The Orc Tbricks front-end is carefully implemented to use a minimum amount of bandwidth, as only the exact information that you see on screen is transferred. A typical front-end only uses 200 Kbit/s on average, with a full-fidelity truly responsive user experience. This removes the need for using
remote display solutions such as Citrix, which additionally do not solve the problem of connecting a single unified front-end to a fully distributed system which is running in multiple geographical locations.
It is also possible to further improve performance by dampening quickly oscillating data streams using throttling conditions. This is beneficial when you aren’t interested in, say, market data updates unless they deviate more than a certain amount since the last update you received, or when you don’t need updates more often than at a predefined maximum frequency. For instance, it’s possible to set up a throttling condition that limits the update rate to be at most every X milliseconds, or to only send an update for a currency rate when the bid or ask changes more than Y% since the last update received.

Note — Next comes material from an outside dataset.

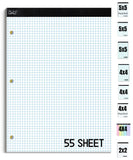 Mr. Pen- Engineering Paper, Graph Paper, 5x5 (5 Squares per inch), 8.5x11, 55 Sheets, 3-Hole Punched, Grid Paper, Graphing Paper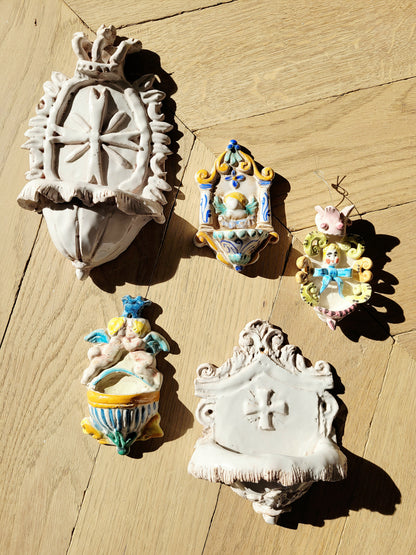 A set of 5 Italian "acquasantiere" (holy water fonts)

Such throttling conditions provide an additional performance boost as trading strategies don’t have to react on smaller price movements while still making sure an up-to-date value is received periodically by specifying the maximum update frequency.
The use of source-side filtering together with data stream throttling is a powerful combination that allows trading strategies as well as internal Orc Tbricks services to eliminate unnecessary updates that are wasting processing power.